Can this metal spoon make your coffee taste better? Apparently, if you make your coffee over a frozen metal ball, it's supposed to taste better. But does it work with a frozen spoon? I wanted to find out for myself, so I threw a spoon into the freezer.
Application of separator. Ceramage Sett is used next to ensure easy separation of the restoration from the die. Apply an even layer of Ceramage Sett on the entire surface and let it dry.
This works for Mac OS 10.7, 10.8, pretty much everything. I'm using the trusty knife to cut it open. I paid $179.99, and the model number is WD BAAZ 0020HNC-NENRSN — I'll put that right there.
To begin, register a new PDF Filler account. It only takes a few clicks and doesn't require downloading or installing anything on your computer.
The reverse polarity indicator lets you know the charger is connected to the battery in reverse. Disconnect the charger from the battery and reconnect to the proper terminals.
--
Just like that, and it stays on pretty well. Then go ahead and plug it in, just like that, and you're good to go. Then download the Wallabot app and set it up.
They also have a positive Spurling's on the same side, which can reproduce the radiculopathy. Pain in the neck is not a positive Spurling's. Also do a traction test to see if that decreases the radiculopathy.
==
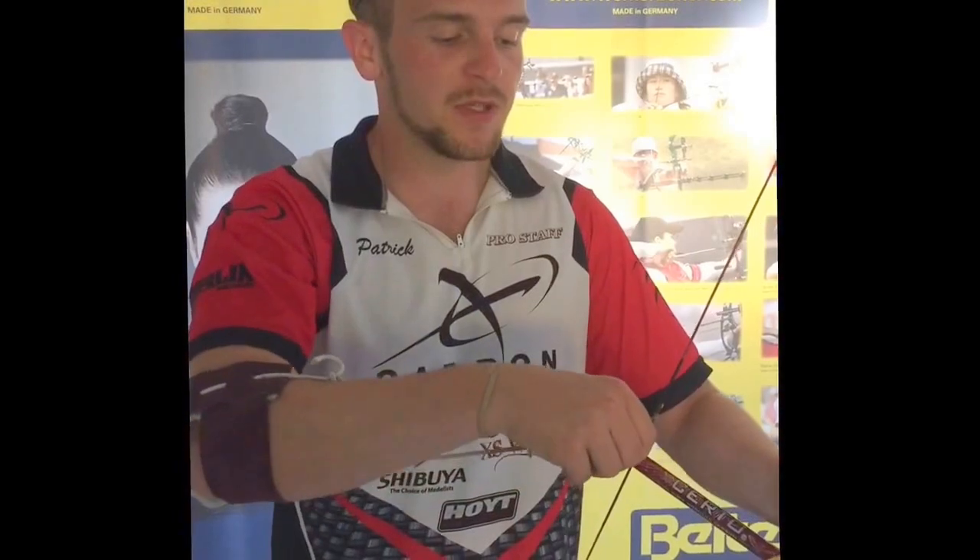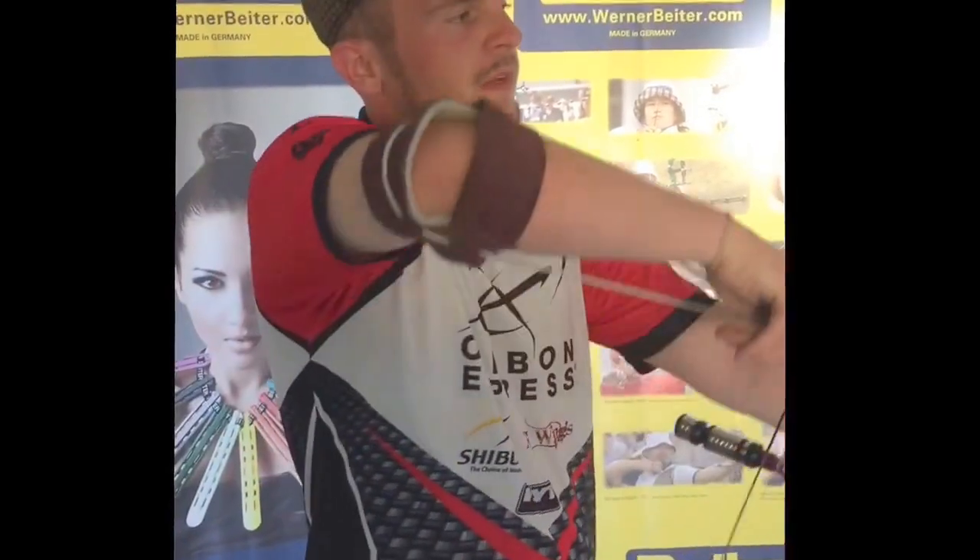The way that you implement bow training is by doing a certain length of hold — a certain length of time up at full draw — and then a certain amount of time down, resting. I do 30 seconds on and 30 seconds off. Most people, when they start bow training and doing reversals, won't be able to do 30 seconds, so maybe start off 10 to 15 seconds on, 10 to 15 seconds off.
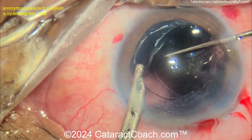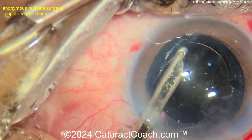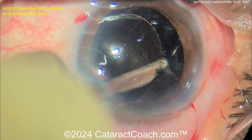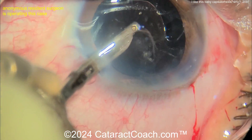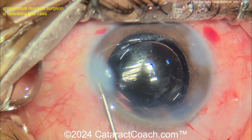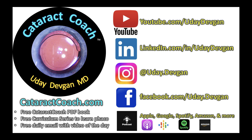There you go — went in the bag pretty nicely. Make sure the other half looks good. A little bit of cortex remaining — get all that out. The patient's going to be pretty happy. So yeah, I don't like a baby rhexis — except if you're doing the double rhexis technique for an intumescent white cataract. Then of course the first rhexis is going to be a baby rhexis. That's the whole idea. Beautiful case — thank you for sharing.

• **ASSIGNMENT**
In the entries above, please find the line with "Can this metal" and the line with "The reverse polarity", then write out exactly those two lines and every line between them, and nothing more.

• **OUTPUT BELOW**
Can this metal spoon make your coffee taste better? Apparently, if you make your coffee over a frozen metal ball, it's supposed to taste better. But does it work with a frozen spoon? I wanted to find out for myself, so I threw a spoon into the freezer.
Application of separator. Ceramage Sett is used next to ensure easy separation of the restoration from the die. Apply an even layer of Ceramage Sett on the entire surface and let it dry.
This works for Mac OS 10.7, 10.8, pretty much everything. I'm using the trusty knife to cut it open. I paid $179.99, and the model number is WD BAAZ 0020HNC-NENRSN — I'll put that right there.
To begin, register a new PDF Filler account. It only takes a few clicks and doesn't require downloading or installing anything on your computer.
The reverse polarity indicator lets you know the charger is connected to the battery in reverse. Disconnect the charger from the battery and reconnect to the proper terminals.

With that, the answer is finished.